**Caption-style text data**
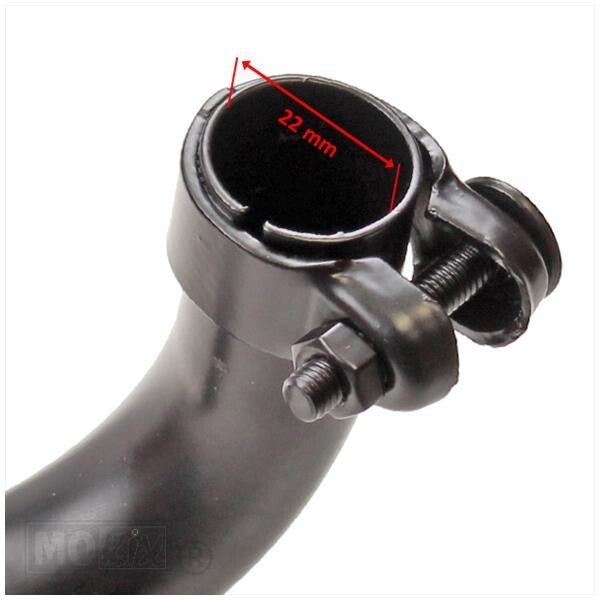 Auspuff offen ungedrosselt 22,5mm für PIAGGIO VESPA Ciao PX 50 2T AC 67-88 Mofa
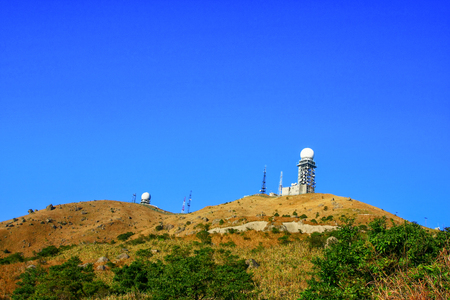 Radio station at Tai Mo mountainのeditorial素材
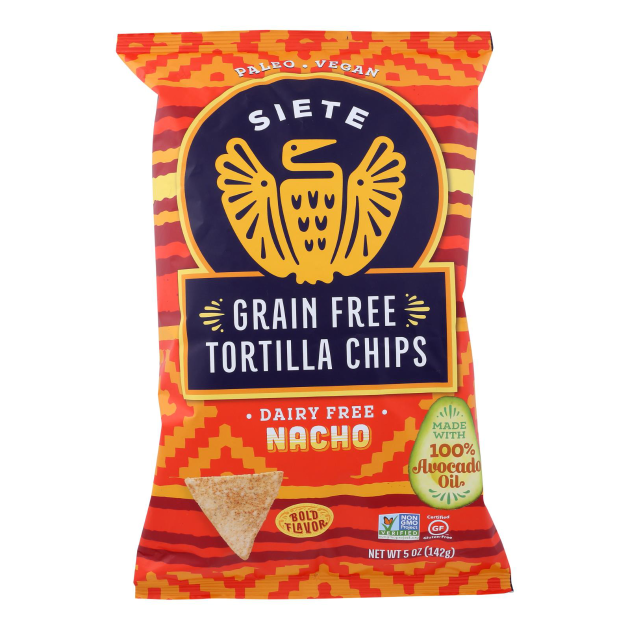 SIETE 5oz NACHO TORTILLA CHIPS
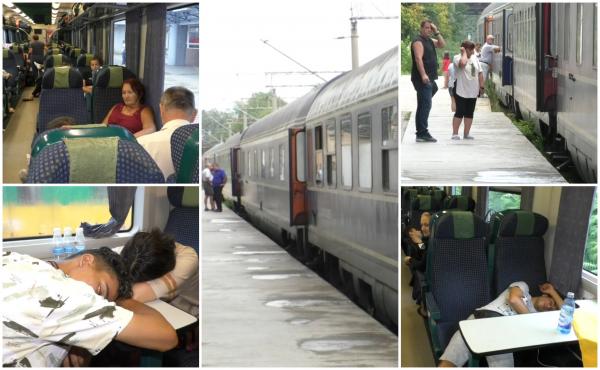 "Nu avem voie să vorbim". Întârzieri de 7 ore la trenurile spre Timişoara. Călătorii au dormit în gări şi vagoane, angajaţii ridică din umeri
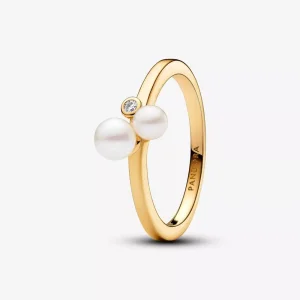 (immagine per) Anello Pandora Perle d'Acqua Dolce Coltivate e Punto Luce - 163156C01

**WHAT TO WORK ON**
Take the lines from the start of the entries through the line containing "SIETE 5oz NACHO TORTILLA CHIPS" and set them down exactly, leaving out every picture.

**OUTPUT FOR THIS EXERCISE**
 Auspuff offen ungedrosselt 22,5mm für PIAGGIO VESPA Ciao PX 50 2T AC 67-88 Mofa
 Radio station at Tai Mo mountainのeditorial素材
 SIETE 5oz NACHO TORTILLA CHIPS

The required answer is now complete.